HCF (HubStorage Crawl Frontier) Backend for Frontera
====================================================

When used with scrapy, use it with Scrapy Scheduler provided by `scrapy-frontera <https://github.com/scrapinghub/scrapy-frontera>`_. Scrapy scheduler provided
by `Frontera <https://github.com/scrapinghub/frontera>`_ *is not* supported. `scrapy-frontera` is a scrapy scheduler which allows to use frontera backends,
like the present one, with scrapy projects.

See specific usage instructions at module and class docstrings at `backend.py <https://github.com/scrapinghub/hcf-backend/blob/master/hcf_backend/backend.py>`_.
Some examples of usage can be seen in the `scrapy-frontera README <https://github.com/scrapinghub/scrapy-frontera/blob/master/README.rst>`_.

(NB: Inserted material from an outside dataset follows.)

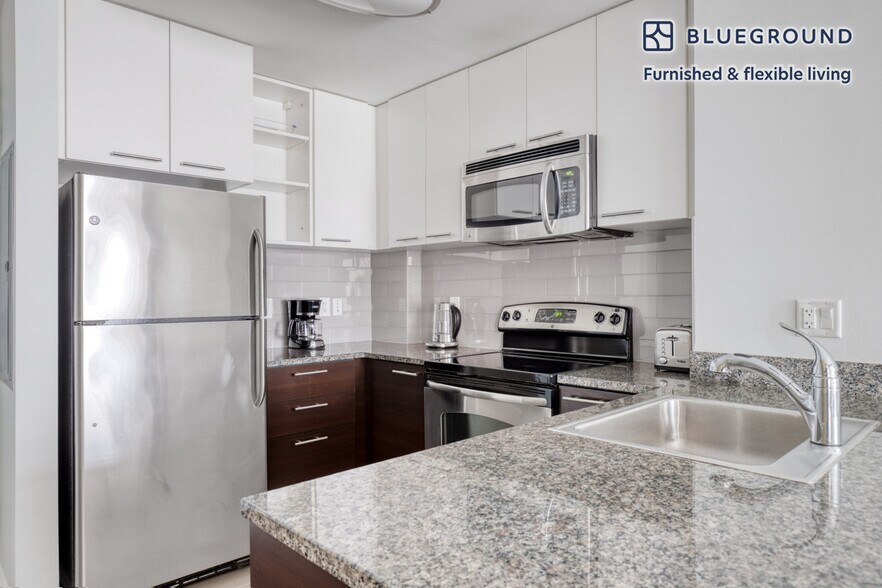 Building Photo - 285 Third Street-SI FL6-ID838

And a complete tutorial for using ``hcf-backend`` with ScrapyCloud workflows is available at
`shub-workflow Tutorial <https://github.com/scrapinghub/shub-workflow/wiki/Basic-Tutorial>`_. ``shub-workflow`` is a framework for defining workflows of spiders
and scripts running over ScrapyCloud. This is a strongly recommended lecture, because it documents the integration of different tools which together provide
the best benefit.

Package also provides a convenient command line tool for hubstorage frontier handling and manipulation:
`hcfpal.py <https://github.com/scrapinghub/hcf-backend/blob/master/hcf_backend/utils/hcfpal.py>`_. It supports dumping, count, deletion, moving, listing, etc.
See command line help for usage.

Another tool provided is `crawlmanager.py <https://github.com/scrapinghub/hcf-backend/blob/master/hcf_backend/utils/crawlmanager.py>`_. It facilitates the scheduling of
consumer spider jobs. Examples of usage are also available in the already mentioned ``shub-workflow`` Tutorial.

Installation
============

``pip install hcf-backend``